Work instruction
Could you print, exactly and without pictures, only the lines from the one with "110 Oak Grove Drive, Brandon, MS 39047" through the end of the records below?

Source material
:::

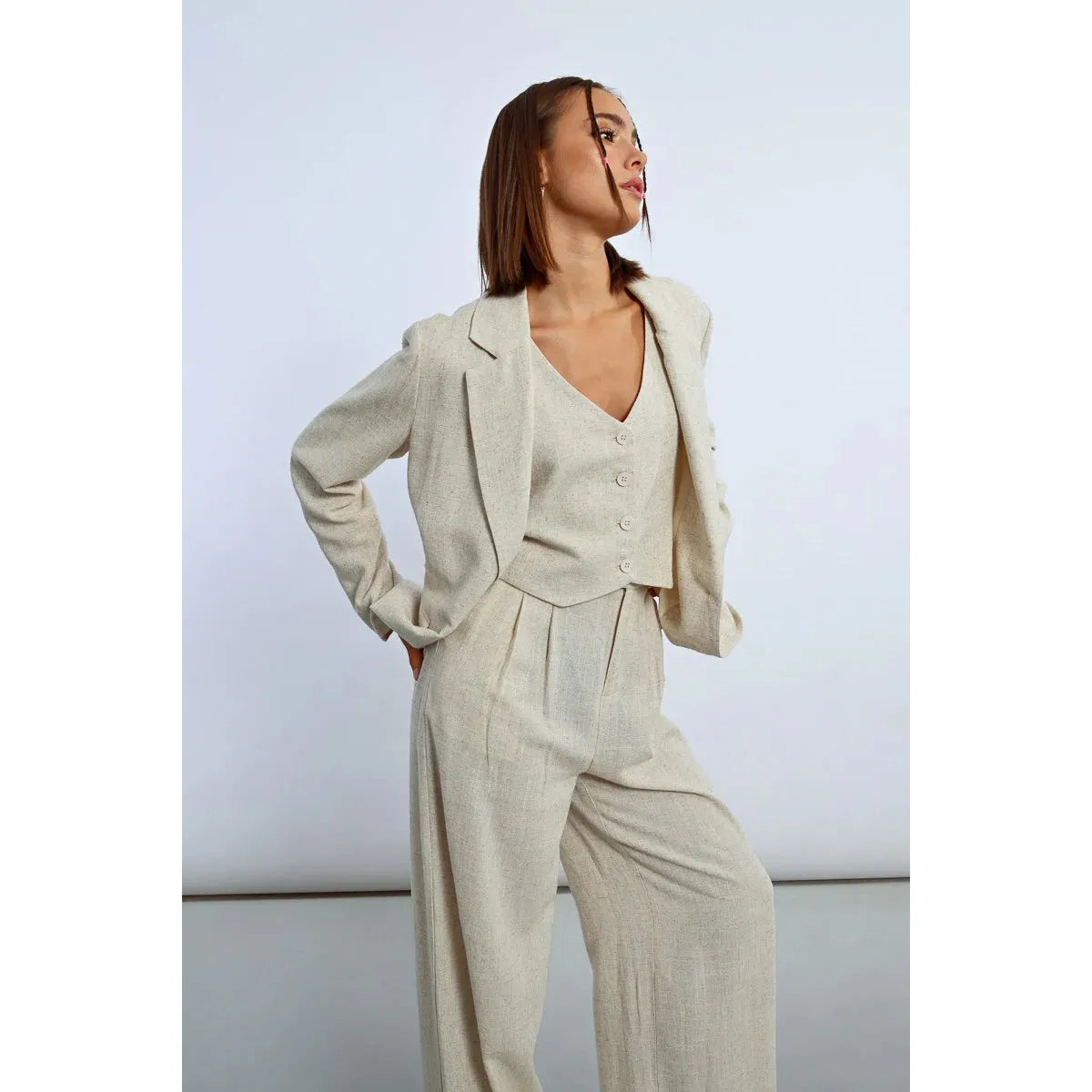 Linen-Inspired Bolero
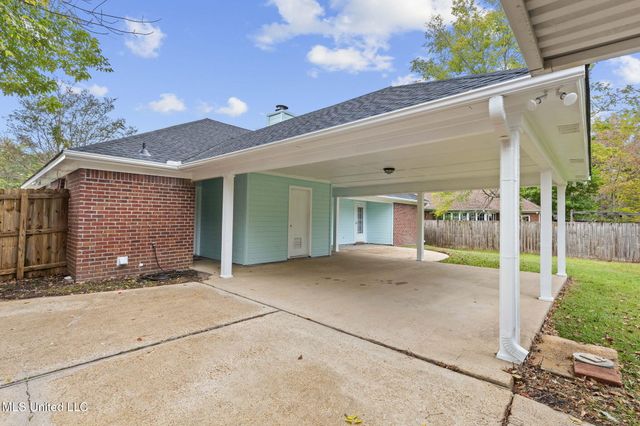 110 Oak Grove Drive, Brandon, MS 39047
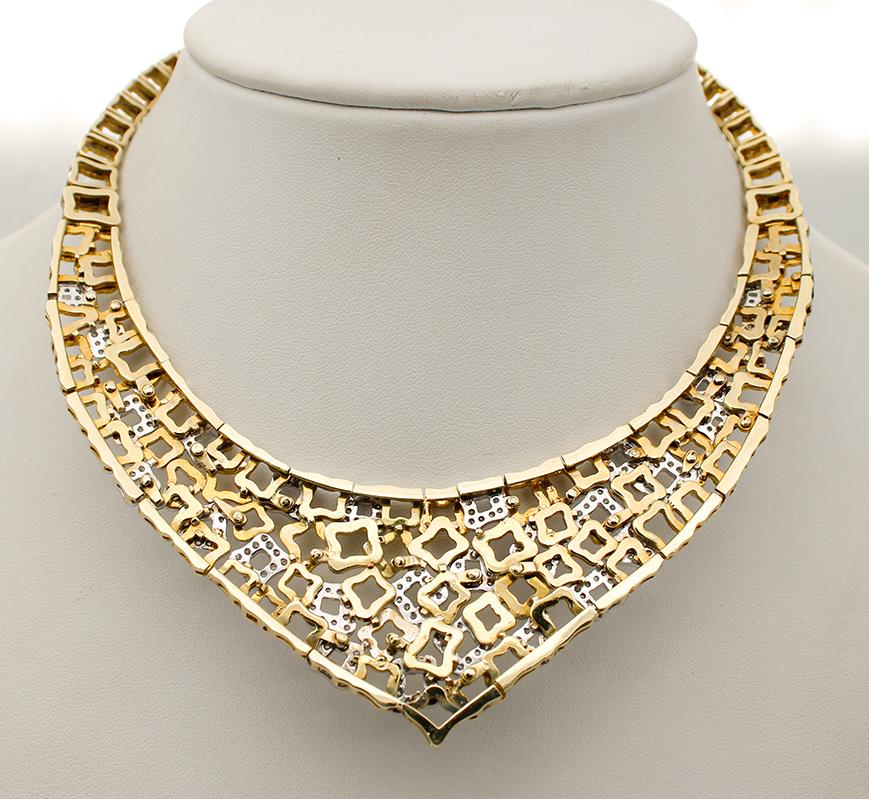 Round Cut Diamonds, 14 Karat White and Yellow Gold Necklace For Sale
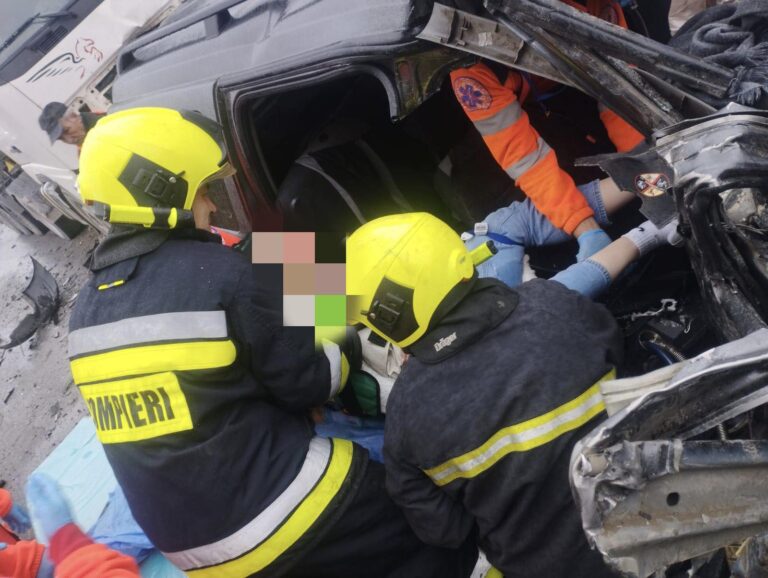 Grav accident în nordul țării. Pompierii au intervenit pentru a descarcera șoferul unui BMW ce s-a tamponat în copac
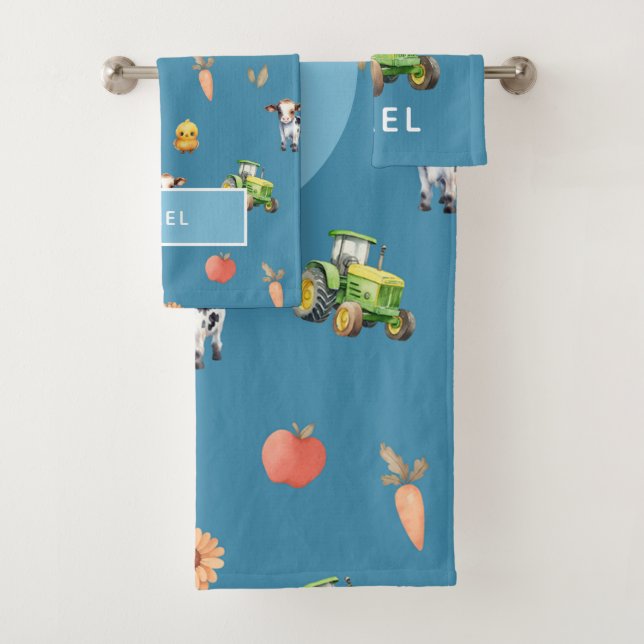 Boys Cute and Modern Farm Animal Pattern Name Kids Bath Towel Set (Insitu)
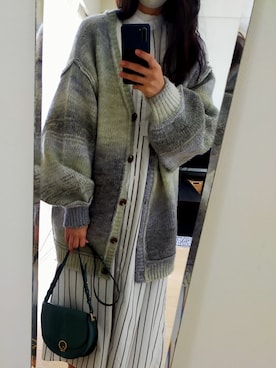 「ZARA（ザラ）のアイテム（ショルダーバッグ、ブルー系）」を使った、yuseさん（レディース・168cm）の冬コーディネート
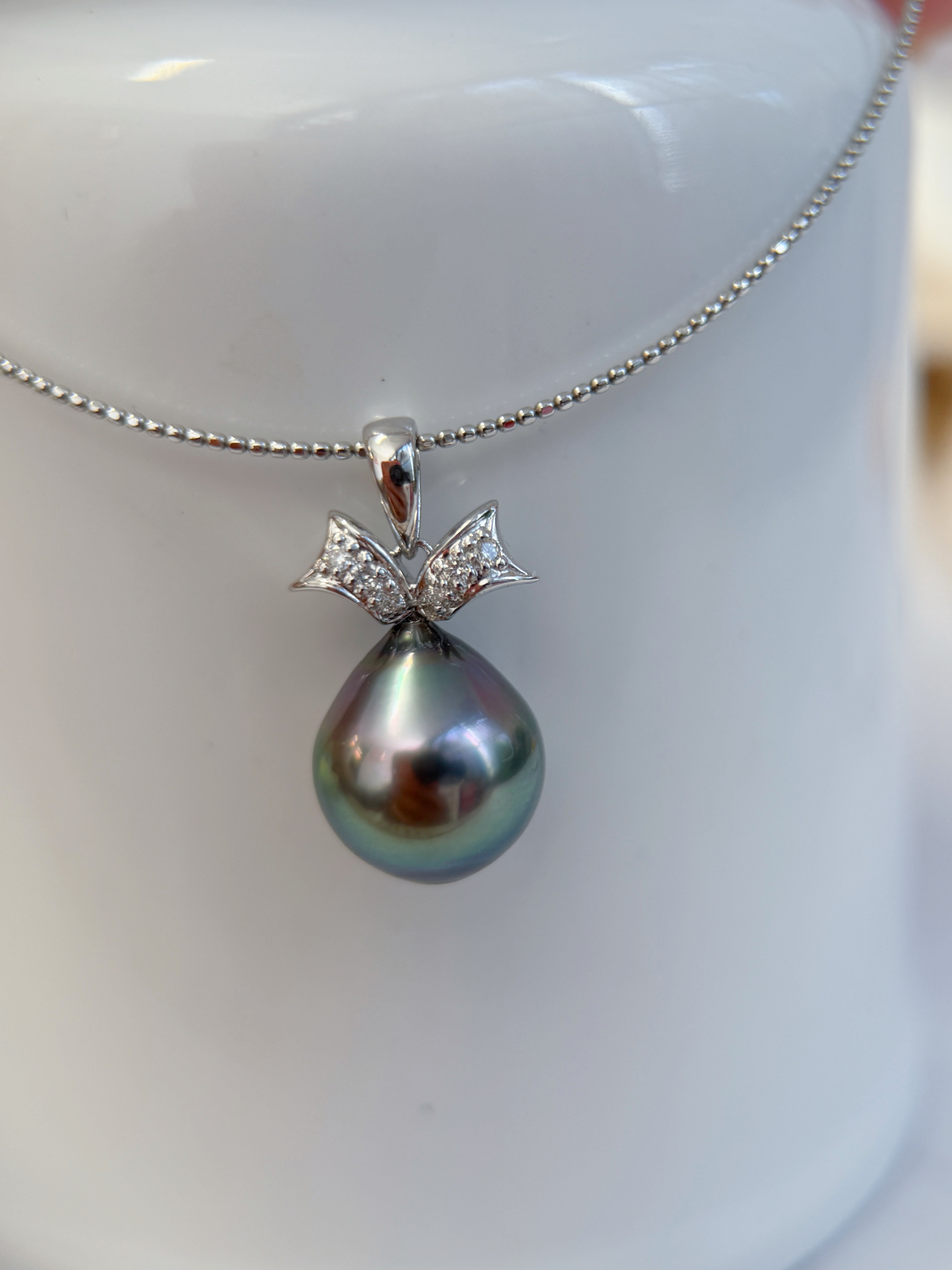 K18 Gold Tahitian Black Pearl Pendant with Natural Diamond Bow Motif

:::

Answer to this exercise
 110 Oak Grove Drive, Brandon, MS 39047
 Round Cut Diamonds, 14 Karat White and Yellow Gold Necklace For Sale
 Grav accident în nordul țării. Pompierii au intervenit pentru a descarcera șoferul unui BMW ce s-a tamponat în copac
 Boys Cute and Modern Farm Animal Pattern Name Kids Bath Towel Set (Insitu)
 「ZARA（ザラ）のアイテム（ショルダーバッグ、ブルー系）」を使った、yuseさん（レディース・168cm）の冬コーディネート
 K18 Gold Tahitian Black Pearl Pendant with Natural Diamond Bow Motif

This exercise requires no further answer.